**PROBLEM REQUIREMENTS**. Copy each line below exactly as it appears. Pictures are to be omitted.

**THE DATA**.
□ □ □

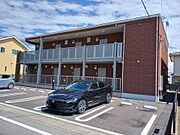 スバル 1階 築5年1ヶ月の賃貸物件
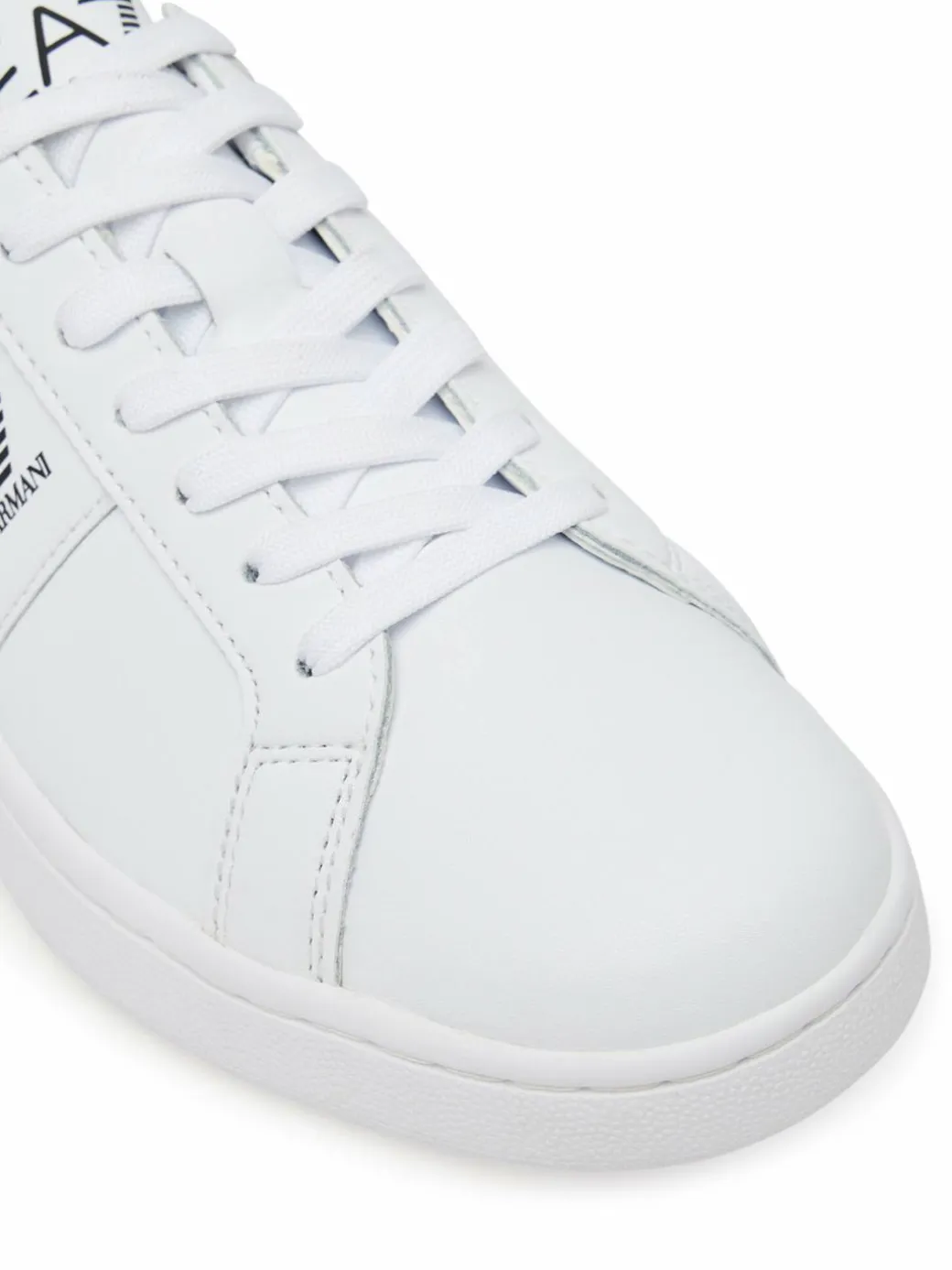 Sneakers 7X000332 AF10848 MZ172 Bianco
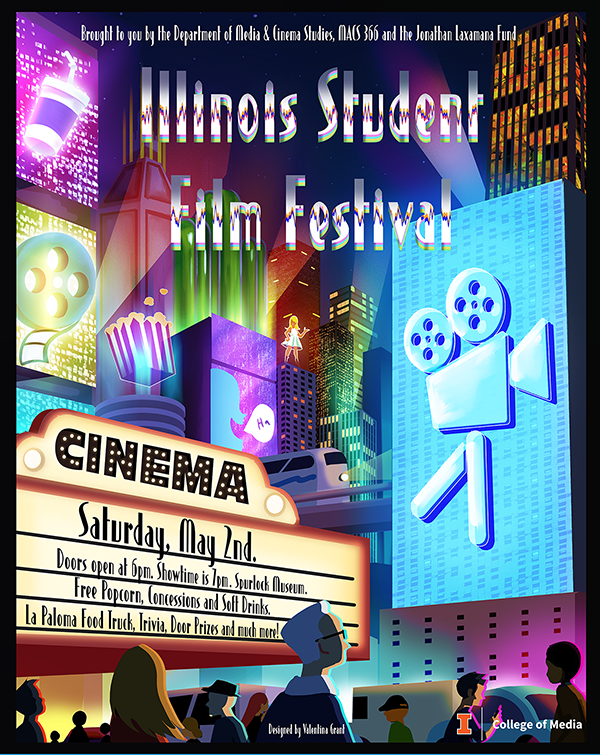 Flier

□ □ □

**RESPONSE**.
 スバル 1階 築5年1ヶ月の賃貸物件
 Sneakers 7X000332 AF10848 MZ172 Bianco
 Flier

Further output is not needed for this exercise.